EXTRACTED INFORMATION:
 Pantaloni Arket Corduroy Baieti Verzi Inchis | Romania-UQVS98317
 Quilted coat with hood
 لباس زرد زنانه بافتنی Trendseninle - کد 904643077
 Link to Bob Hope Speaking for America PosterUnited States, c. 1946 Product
--
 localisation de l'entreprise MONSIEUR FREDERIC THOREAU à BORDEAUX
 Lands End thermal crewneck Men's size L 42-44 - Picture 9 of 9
==
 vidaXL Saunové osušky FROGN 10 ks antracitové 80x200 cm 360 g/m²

PROBLEM STATEMENT: Please copy, exactly as written, every line in the listing above from the line with "localisation de l'entreprise" up to and including the line with "Lands End thermal".

RESPONSE TO THE EXERCISE:
 localisation de l'entreprise MONSIEUR FREDERIC THOREAU à BORDEAUX
 Lands End thermal crewneck Men's size L 42-44 - Picture 9 of 9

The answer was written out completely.